Cuando el guardabosque entró en el cuarto, su mujer le dijo:

—Andrés, es preciso que partas en seguida con el aya. Está encargada de una misión importante, y como es de noche todavía, y los caminos no sean quizá seguros para una mujer, la condesa quiere que la acompañes.

—Está bien, mujer. En dos minutos me pongo la blusa y estoy listo.

—La señora va a casa de Federico Bergams. Eso te parecerá raro, ¿verdad?

—Nada de eso. Poco me importa donde me mande la condesa—respondió el guardabosque, listo para partir.
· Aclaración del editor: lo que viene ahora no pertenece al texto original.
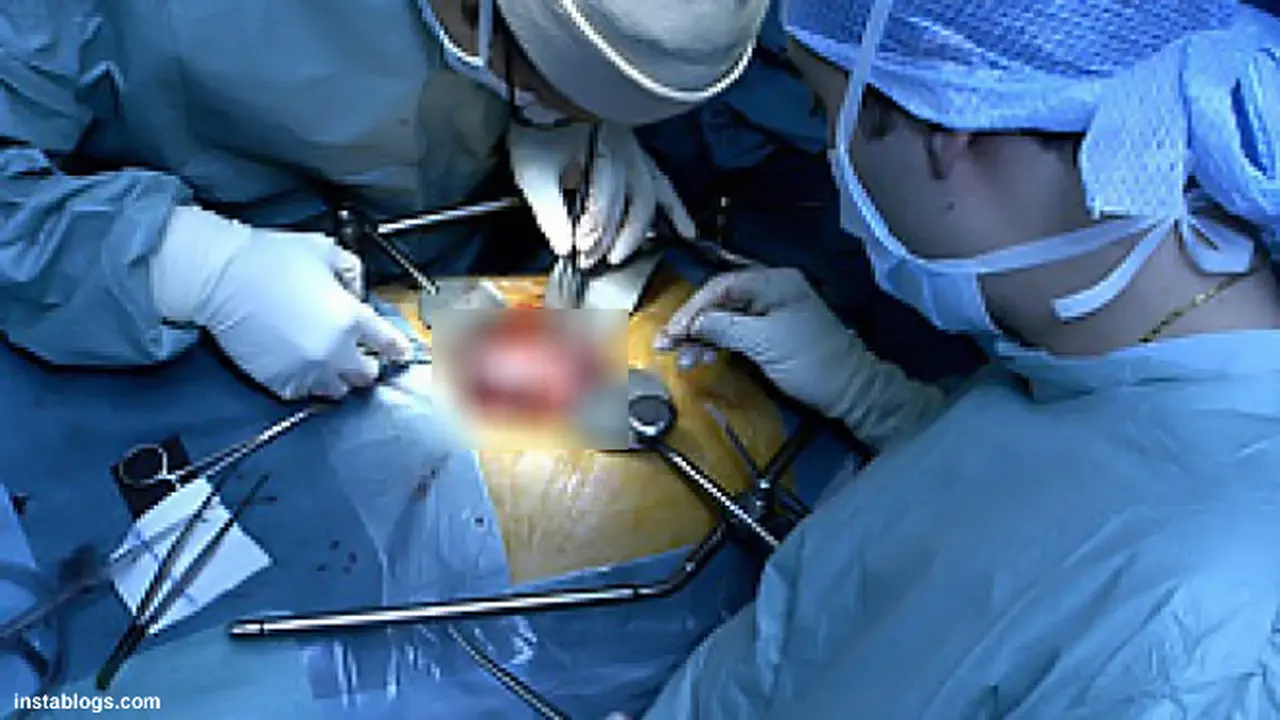 tranplantasi-organ-130830-b.jpg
—Un momento—dijo Catalina—. El mensaje que la señora va a cumplir, es un secreto. Nadie debe verla ni encontrarla, por lo menos hasta media legua de distancia de Orsdael. La llevarás, pues, por caminos apartados y por el bosque.

—Muy bien—dijo el guarda, subiendo una pequeña escalera para ir a vestirse.

—Pero decidme, Marta—murmuró la campesina después de un momento de silencio—. ¿Quién os abrió la puerta del castillo?

—Nadie, Catalina; bajé por la ventana de mi cuarto.

—¡Cómo! ¿desde tan alto? ¡Pero eso es imposible!